━━ SOURCE MATERIAL ━━
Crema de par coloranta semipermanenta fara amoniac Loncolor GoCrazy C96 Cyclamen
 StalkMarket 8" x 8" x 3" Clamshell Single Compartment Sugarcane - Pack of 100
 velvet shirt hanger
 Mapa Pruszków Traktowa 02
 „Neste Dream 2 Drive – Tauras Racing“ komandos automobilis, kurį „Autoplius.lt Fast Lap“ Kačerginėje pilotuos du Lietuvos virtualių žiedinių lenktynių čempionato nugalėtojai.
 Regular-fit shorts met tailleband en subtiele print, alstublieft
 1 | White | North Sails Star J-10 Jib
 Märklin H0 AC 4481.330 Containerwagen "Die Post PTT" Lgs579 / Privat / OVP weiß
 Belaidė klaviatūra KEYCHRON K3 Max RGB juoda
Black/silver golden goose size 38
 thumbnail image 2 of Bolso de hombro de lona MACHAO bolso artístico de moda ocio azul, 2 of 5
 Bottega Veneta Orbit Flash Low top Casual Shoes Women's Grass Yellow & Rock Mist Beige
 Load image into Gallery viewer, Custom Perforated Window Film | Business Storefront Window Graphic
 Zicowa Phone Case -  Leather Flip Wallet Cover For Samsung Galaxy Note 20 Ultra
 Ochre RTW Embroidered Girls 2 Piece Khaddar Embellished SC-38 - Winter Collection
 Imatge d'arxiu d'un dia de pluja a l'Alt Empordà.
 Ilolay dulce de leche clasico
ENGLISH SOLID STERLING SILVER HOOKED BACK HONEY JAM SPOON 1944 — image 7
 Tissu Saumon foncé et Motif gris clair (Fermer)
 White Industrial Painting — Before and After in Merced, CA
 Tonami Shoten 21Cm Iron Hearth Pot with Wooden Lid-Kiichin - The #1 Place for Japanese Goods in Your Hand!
━━━
INSTRUCTIONS TO FOLLOW:
From the entries above, copy every line that holds the word "image".

ANSWER SPACE:
 thumbnail image 2 of Bolso de hombro de lona MACHAO bolso artístico de moda ocio azul, 2 of 5
 Load image into Gallery viewer, Custom Perforated Window Film | Business Storefront Window Graphic
ENGLISH SOLID STERLING SILVER HOOKED BACK HONEY JAM SPOON 1944 — image 7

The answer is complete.